The Australian experience tells a similar story. In Australia the federal government has largely driven both workplace and health sector reform, although it is state governments that have responsibility for hospital services that employ the largest numbers of staff and account for the greatest expenditure (Willis et al 2005). State governments provide policy direction to their healthcare institutions and are the main sources of funding. They set wage policies for their publicly funded services and strive to contain those policies within certain limits (Stanton 2006). Hence, state governments’ decisions about wage policy, funding priorities and employment relations have a direct impact on organisational policy and on hospital employees.
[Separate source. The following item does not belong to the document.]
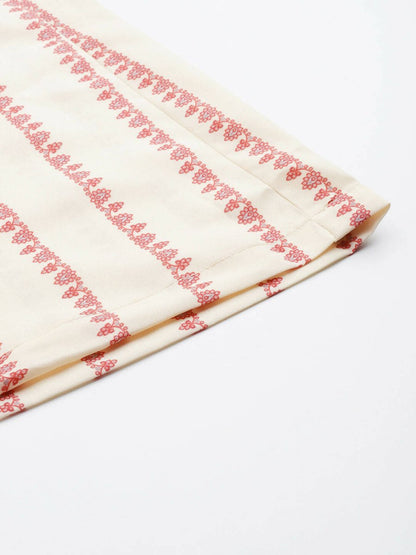 Ahalyaa Off White & Red Printed Basic Jumpsuit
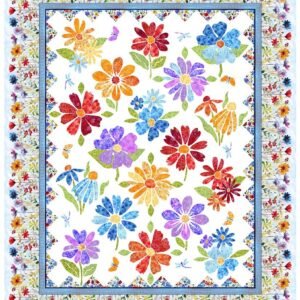 Blooming Day & Night Digital Applique Print Quilt Top by Jason Yenter for InThe Beginning "Day" 70-1/2"X87-1/2"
Most Australian state governments pursued similar strategies to improve the productivity and efficiency of their health systems throughout the 1990s. These strategies included budget cutbacks and financial restraint, introducing new forms of funding mostly based on output, such as casemix funding, and outsourcing and privatising services such as catering, cleaning, pathology and radiology (Willis et al 2005). At the same time, both state and federal governments pursued the decentralisation of industrial relations through a move away from centralised award-based industrial arrangements to introducing bargaining at the enterprise level (Stanton 2006). In comparing the introduction and experience of enterprise bargaining in the health sector in New South Wales, Victoria and South Australia, Bray et al (2005) found that despite the different political, legal and historical differences there were similarities. A change of government from Labor to Liberal Coalition in each state led to a period of decentralisation within a rhetoric of increased efficiency and productivity that shifted control of wages and conditions away from state-wide awards based on occupation to local employers. But in reality, although the agreements in each state were signed at the local level, they had been centrally bargained with the active intervention of state governments. The return of the Labor Party to government in each state marked a return to a more open process of centrally agreed but locally implemented enterprise agreements.